__Try it__. In the material below, find the line with "Nissan X-Trail N-Connecta" and the line with "Styx Performing Come Sail Away", then output those two lines and every line between them, exactly.

__Record extracts__.
☆ ☆ ☆ ☆ ☆

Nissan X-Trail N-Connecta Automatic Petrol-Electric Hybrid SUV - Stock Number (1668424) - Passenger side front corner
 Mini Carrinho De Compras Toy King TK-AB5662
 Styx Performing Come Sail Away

☆ ☆ ☆ ☆ ☆

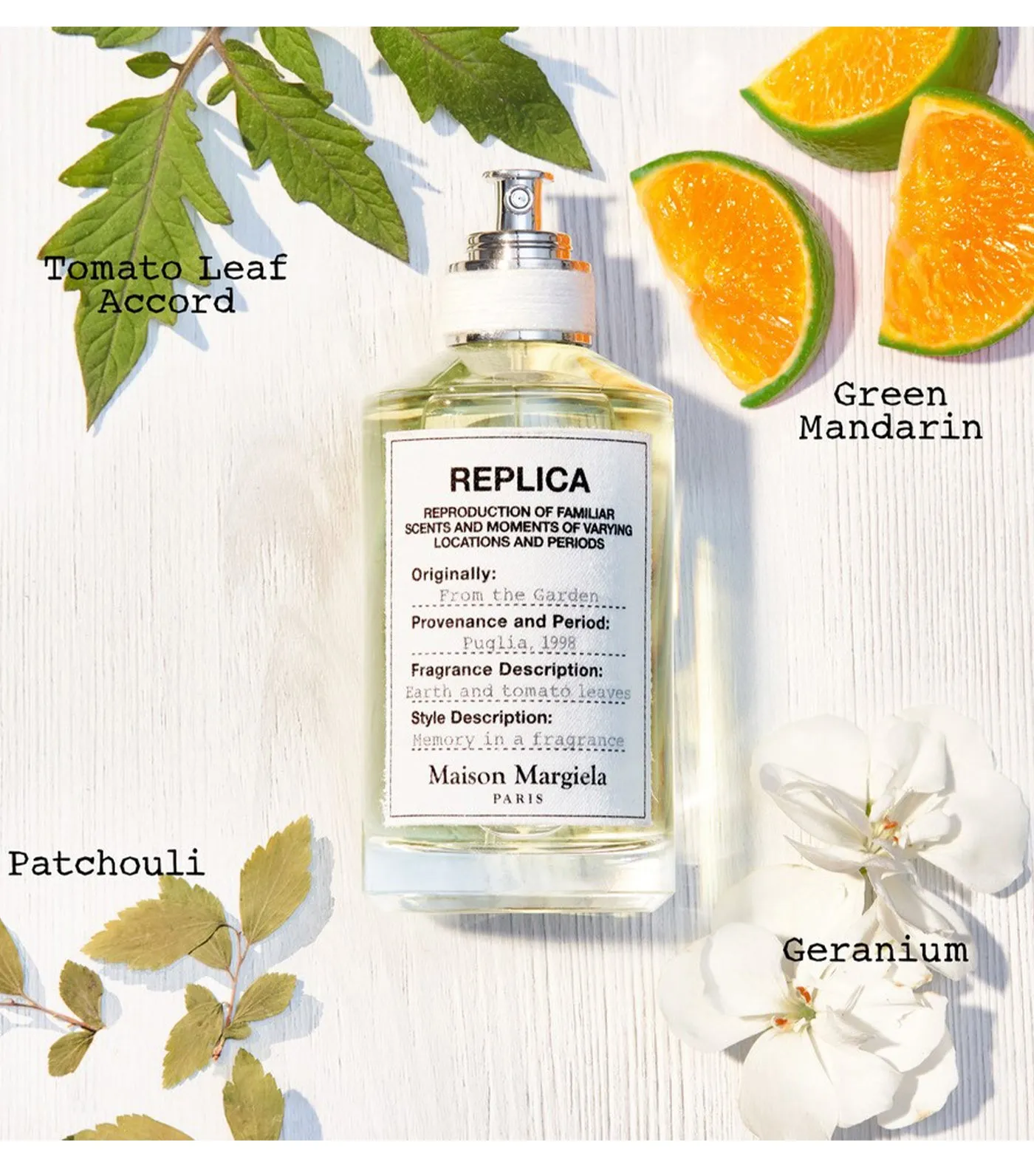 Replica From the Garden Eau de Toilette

☆ ☆ ☆ ☆ ☆

__Answer for this exercise__.
Nissan X-Trail N-Connecta Automatic Petrol-Electric Hybrid SUV - Stock Number (1668424) - Passenger side front corner
 Mini Carrinho De Compras Toy King TK-AB5662
 Styx Performing Come Sail Away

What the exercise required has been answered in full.